0.5

288 26 40
                                    

Yorgun adımlarla eve gelirken anahtarımı çantamdan çıkarmaya çalıştım.Sadece çalıştım çünkü anahtarını bulamamıştım.Sıkkınlıkla öflerken aklıma gelenle resmen kafamın üstünde ampül belirdi.

Tabii ya!

Otuz dakikadır nasıl düşünememiştim ki? Arka bahçeye gidip çevresinde az taş olan büyük bir taş aradım. Sonunda bulduğumda çektim ve elime bir kutu geldi.Kutunun içinde de bir not ve anahtar vardı. Yaklaşık 5 yıl önce, daha küçükken,12 yaşımdayken, yapmıştım bunu.Notu elime aldım ve okumaya başladım. O zamanlar yazım biraz kötüydü ve harfler birbirine karışmıştı. Yine de okuyabiliyordum.

Merhabe Yağmur,bilmiyorum ailen ne zaman seni dışarıya atacak da bu anahtarı almak zorunda kalacaksın bilmiyorum ama İnşallah ailemiz değişmiştir.Belki de kapıda kaldın ve aklına bu fikir geldi.

Şuan ağlayarak bunu yazdığını hatırlıyorsundur eminim.Ah, berbat bir gündü değil mi?

Akşam seni eve almamışkardı çünkü okulda o pislik arkadaş senin üstüne iftira atmıştı ve hocalarda ona inanıp sana ceza vermişlerdi.Akşam da eve 5.30'da gelmek zorunda kakmıştın ve ailenin erken geleceği tutmuştu.

Ne kadar aileni ikna etmeye çalışsan da senin mazlum olduğuna inanmamış, üstüne bundan faydalanıp seni kapı dışarı etmişlerdi. Hatırlıyorsun değil mi?

Sen de hıçkıra hıçkıra ağlarken sabaha kadar yağmurun altında çamurlu toprakta yatmış, sabah annenler işe giderken seni bulmuş,bir azar daha işitip okula gönderilmiştin.

Aslın da hiç gitmemiştin.Okul kıyafetlerin çamurluydu ve.. Saçların, botların yüzün..Her yerin çamurluydu.

Sen de anahtarı gizlice alıp çıkar gibi yapmıştın, babanlar uzaklaşınca da eve geri girmiştin.
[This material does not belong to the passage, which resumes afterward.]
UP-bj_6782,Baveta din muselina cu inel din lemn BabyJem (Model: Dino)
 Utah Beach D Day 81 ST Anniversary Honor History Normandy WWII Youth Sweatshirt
O gün sıcak bir duş alıp bunları hazırlamıştın değil mi? Hıçkıra hıçkıra ağlarken yazmıştın bu yazıyı?

Yani ben,biz..

Gelecekte mutlu olman dileğiyle!

Kapnın önüne sinmiş, hıçkırarak ağlıyordum. Nasıl unutabilirdim ki? Hatta o gün üvey ablam beni okula gitmedim diye ispikliyonlamış, üstüne bir de karnım ağrırken bayılıncıya kadar dayak yemiştim üvey annemden. Babamsa sadece bakmıştı bana.Bakmıştı..

Kapıyı açıp içeri girdim. Üvey ablam Fatma içerde yüz maskesiyle uyuyordu.

Tam bir güzellik delisi ve sürtüktü.

Yüzünde yeşil maskesi, gözlerinde salatalık ve tırnaklarının içinde olduğu bakım yağları dolu kap.

Ayaklarında ojenin kurumasını beklerken koltukta sırtını yaslamış, uyuya kalmıştı muhtemelen.

Fatma güzel kızdı aslında. Şu yaşına kadar Yüzlerce diyebileceğim kadar sevgilisi olmuştu. Benden 2 yaş büyüktü ama asla ona abla diye seslenmezdim.

Zengindik aslında. O yüzden annem öldükten sonra üvey anneciğim hemen babama koşmuştu. O kadın tabii ki benden nefret ederdi. Babamsa beni annem ölmeden önce çok severdi. Şimdiyse önceliği fatma.

Külkedisi gibiydim aslında. Sürekli iş için yurt dışına giden bir babam, kötü üvey kardeşim ve üvey annem vardı. Annem ölmüştü ve üvey annemle üvey ablam tam bir para gözdü, para için herşeyi yaparlardı.

Tek fark, babamın ölmemesi,beni baloya hazırlayacak iyi kalpli sihirli bir perinin olmaması,hiçkimsenin -Bir zamanlar annem ve babam dışında- beni sevmemesi ve yakışıklı prensimin olmaması.Yada şöyle deyim; yakışıklı prensimin beni sevmemesi.